2.The first and second applicant pay the first respondent’s costs fixed in the amount of $6,100.00
REASONS FOR JUDGMENT
JUDGE STREET:
This is an application for a constitutional writ within the Court’s jurisdiction under s 476 of the Migration Act 1958 (Cth) (“The Act”) in respect to the decision of the Administrative Appeals Tribunal (“the Tribunal”) made on 2 June 2020, affirming the decision of a Delegate of the first respondent (“the Delegate”) to cancel the first named applicant’s subclass 457 Temporary Work (skilled) visa (“the Visa”). The second applicant is the partner of the first applicant and the third and fourth applicants are children in respect of whom there has been a litigation guardian order made.
On 11 May 2017, the Delegate found that the visa should be cancelled in respect of a notice that had been issued under s 109 of the Act.
On 17 May 2017, the applicant applied for review. On 20 February 2020, the applicant appeared before the Tribunal to give evidence and present arguments. The Tribunal summarised the background and also referred to a section 375A of the Act certificate. It is apparent that the applicant suffered no practical injustice by reason of the existence of that certificate or the information, the subject of the certificate that was of an administrative nature and was not material to the application for review. The Tribunal identified the issues relating to cancellation of the Visa, including whether the notice complied with s 107 of the Act and the power of cancellation under s 109 of the Act.
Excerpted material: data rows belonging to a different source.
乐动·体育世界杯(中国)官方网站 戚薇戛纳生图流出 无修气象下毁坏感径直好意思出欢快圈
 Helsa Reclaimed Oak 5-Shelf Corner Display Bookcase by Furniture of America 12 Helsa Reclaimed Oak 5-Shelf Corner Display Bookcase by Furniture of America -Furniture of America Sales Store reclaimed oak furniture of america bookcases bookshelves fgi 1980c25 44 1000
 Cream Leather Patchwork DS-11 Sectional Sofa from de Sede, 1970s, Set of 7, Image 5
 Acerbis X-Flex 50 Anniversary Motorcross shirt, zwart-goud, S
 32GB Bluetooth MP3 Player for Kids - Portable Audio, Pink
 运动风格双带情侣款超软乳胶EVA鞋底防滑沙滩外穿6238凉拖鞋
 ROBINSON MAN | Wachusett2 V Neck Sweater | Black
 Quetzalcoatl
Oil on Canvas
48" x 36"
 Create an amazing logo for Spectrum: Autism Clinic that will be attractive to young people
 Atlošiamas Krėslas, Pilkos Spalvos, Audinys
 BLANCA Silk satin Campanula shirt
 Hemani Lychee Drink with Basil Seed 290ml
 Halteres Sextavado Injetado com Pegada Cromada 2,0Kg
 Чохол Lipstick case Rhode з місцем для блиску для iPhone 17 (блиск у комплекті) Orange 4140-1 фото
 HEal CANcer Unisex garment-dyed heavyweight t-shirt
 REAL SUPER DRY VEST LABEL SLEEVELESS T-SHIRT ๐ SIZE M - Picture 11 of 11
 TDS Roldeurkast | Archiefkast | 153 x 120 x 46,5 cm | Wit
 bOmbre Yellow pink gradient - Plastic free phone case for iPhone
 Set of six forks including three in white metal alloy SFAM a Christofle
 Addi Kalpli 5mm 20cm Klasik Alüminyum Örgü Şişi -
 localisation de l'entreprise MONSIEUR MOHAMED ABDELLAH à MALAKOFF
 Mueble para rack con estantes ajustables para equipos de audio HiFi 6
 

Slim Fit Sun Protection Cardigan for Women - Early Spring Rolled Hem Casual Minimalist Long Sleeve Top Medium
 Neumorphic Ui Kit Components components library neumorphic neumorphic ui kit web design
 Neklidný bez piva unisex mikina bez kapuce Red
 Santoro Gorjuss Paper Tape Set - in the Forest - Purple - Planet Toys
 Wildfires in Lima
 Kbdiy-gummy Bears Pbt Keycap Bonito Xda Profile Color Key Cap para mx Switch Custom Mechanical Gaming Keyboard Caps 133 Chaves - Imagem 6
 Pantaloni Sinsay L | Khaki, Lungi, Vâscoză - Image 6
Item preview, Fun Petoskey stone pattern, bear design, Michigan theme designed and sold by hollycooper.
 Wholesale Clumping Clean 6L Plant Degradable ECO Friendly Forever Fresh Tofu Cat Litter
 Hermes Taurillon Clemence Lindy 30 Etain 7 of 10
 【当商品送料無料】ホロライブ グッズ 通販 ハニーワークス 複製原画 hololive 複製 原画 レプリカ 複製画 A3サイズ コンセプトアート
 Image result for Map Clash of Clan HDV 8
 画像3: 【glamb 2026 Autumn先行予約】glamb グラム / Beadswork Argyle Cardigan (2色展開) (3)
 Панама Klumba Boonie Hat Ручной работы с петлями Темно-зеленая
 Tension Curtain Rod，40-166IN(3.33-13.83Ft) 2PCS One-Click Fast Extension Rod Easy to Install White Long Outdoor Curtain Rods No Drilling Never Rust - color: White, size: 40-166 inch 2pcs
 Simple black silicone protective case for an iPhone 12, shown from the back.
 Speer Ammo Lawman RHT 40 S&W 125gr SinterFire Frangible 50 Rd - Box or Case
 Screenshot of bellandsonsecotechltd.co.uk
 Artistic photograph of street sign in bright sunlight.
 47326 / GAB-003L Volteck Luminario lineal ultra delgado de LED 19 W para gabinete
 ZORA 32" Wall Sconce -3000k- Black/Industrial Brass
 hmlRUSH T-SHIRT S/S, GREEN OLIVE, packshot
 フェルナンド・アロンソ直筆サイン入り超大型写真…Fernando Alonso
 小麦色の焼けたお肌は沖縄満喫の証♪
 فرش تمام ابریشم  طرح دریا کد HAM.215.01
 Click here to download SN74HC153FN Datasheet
The Tribunal then turned to determine whether the notice complied with the requirements of s 107 of the Act and identified the aspects of which the notice alleged the applicant failed to comply. Firstly, the Tribunal found that the applicant failed to comply with s 101(b) and 103 of the Act. The Tribunal also found that the notice complied with the requirements of s 107 of the Act.
The Tribunal then turned to the issue of whether there was non-compliance under s 107 of the Act. In this regard, the Tribunal recorded that the applicant did not dispute the information set out in the notice, which indicated that an imposter and not the applicant had sat the IELTS test on 14 December 2013, and that the corresponding IELTS document and test details were provided in the visa application.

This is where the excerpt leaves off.